◆ TASK OBJECTIVE ◆
From the listing that follows, reproduce only the lines from the one holding "Ante Carov Apartment" through the one holding "Used 2023 Mercedes-Benz", both included, with no pictures.

◆ DATA FOR REVIEW ◆
★ ★ ★ ★

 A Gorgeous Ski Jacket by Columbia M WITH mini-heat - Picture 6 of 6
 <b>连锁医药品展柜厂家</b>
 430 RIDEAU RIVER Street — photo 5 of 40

★ ★ ★ ★

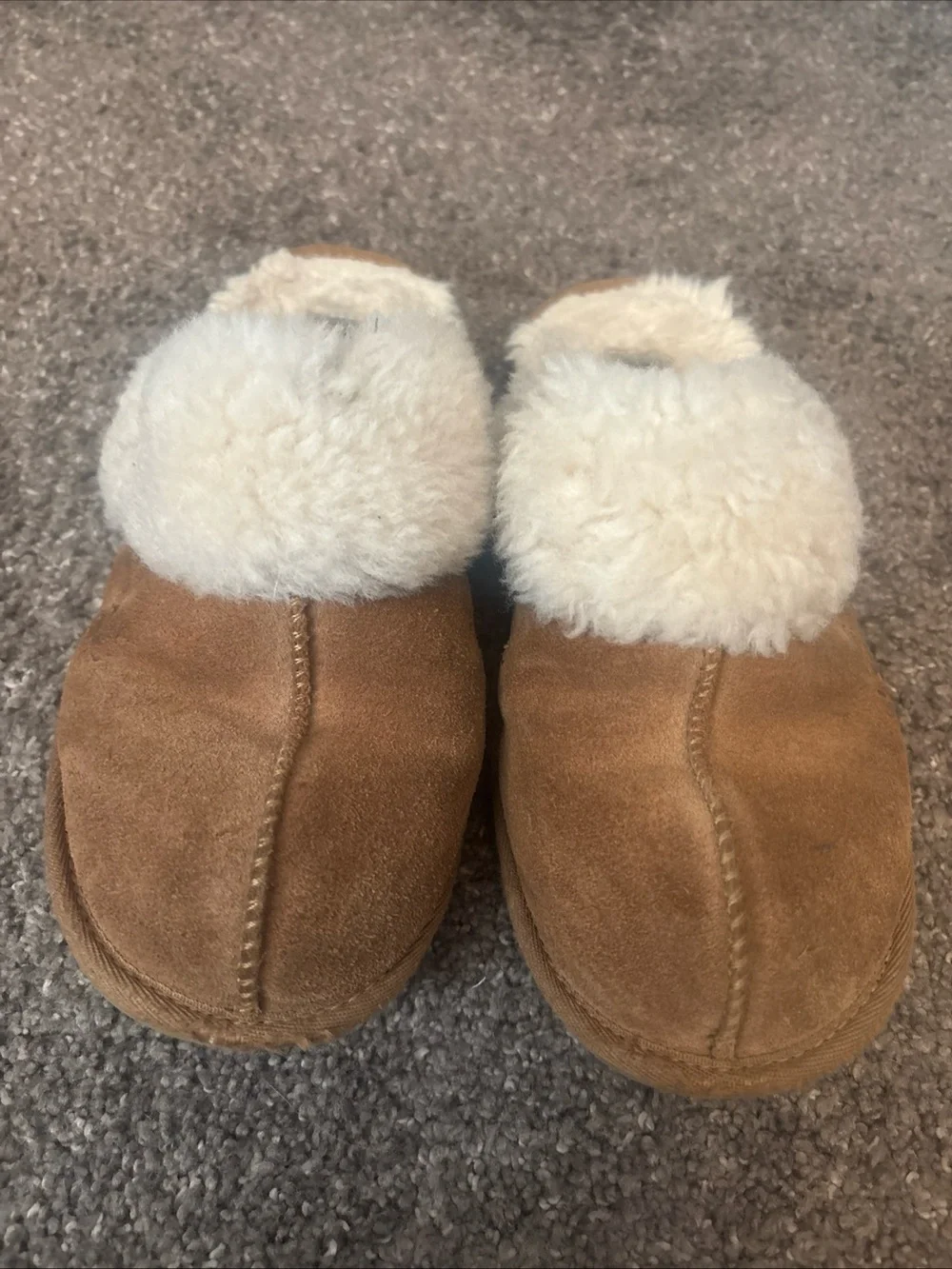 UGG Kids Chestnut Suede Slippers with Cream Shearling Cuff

★ ★ ★ ★

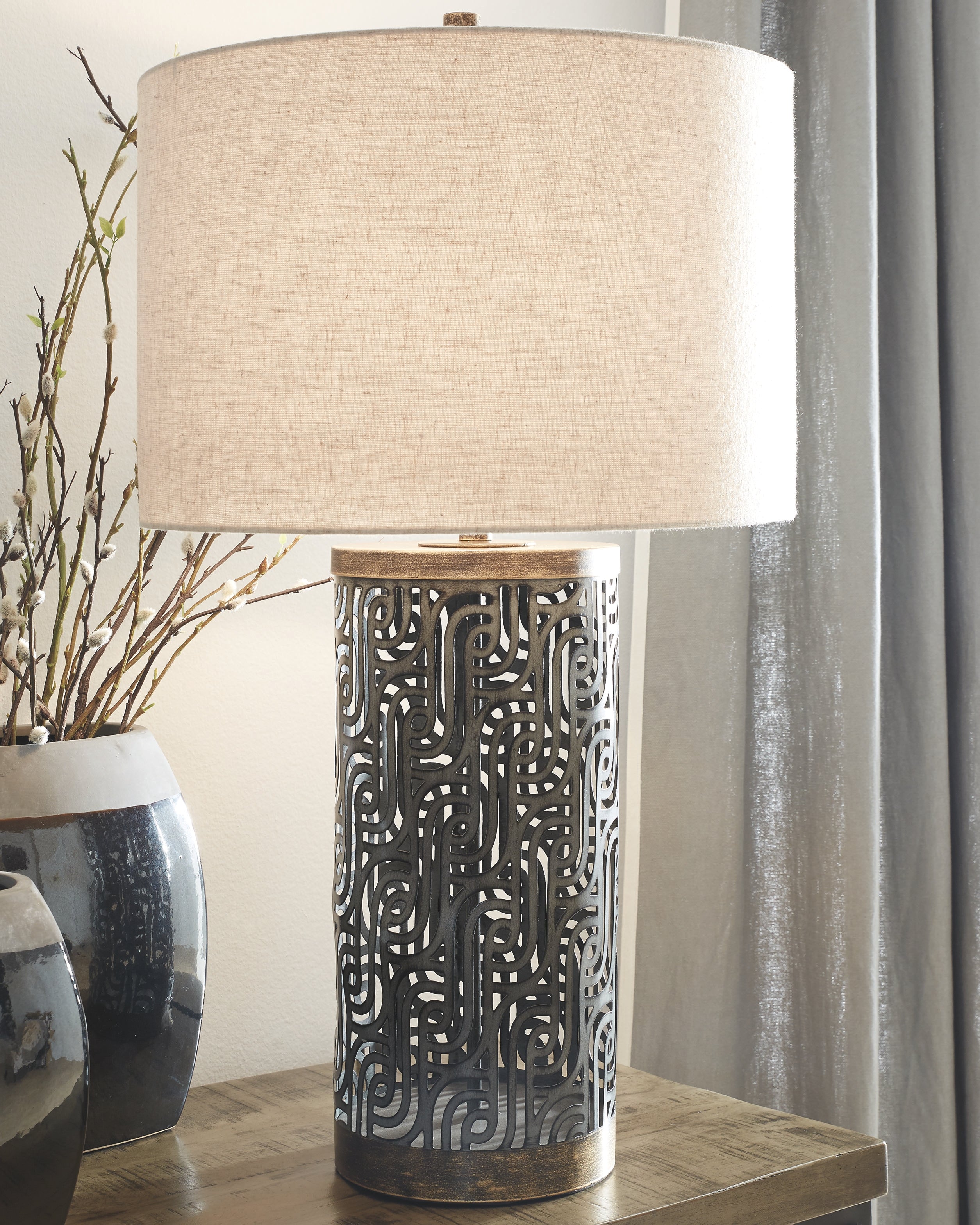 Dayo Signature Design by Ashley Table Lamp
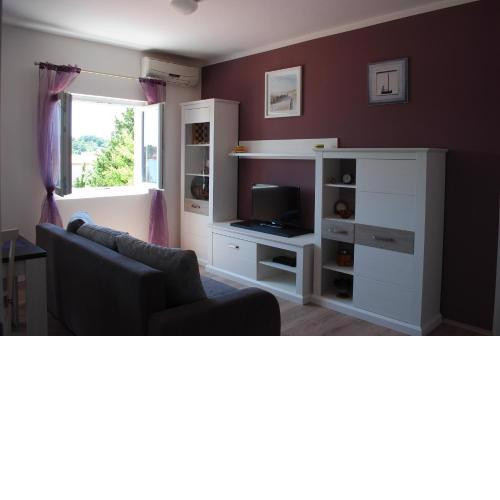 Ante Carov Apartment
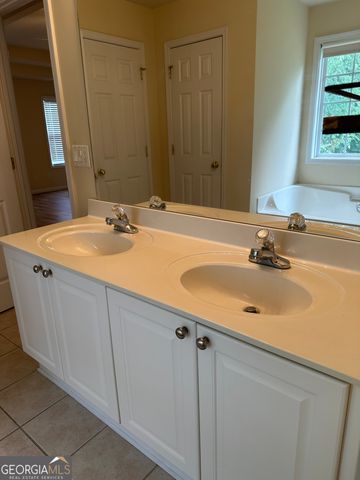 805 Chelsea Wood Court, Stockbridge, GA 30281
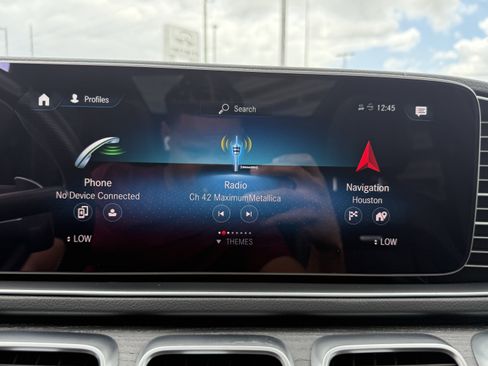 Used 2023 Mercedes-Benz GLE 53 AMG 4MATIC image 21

★ ★ ★ ★

◆ YOUR SOLUTION ◆
 Ante Carov Apartment
 805 Chelsea Wood Court, Stockbridge, GA 30281
 Used 2023 Mercedes-Benz GLE 53 AMG 4MATIC image 21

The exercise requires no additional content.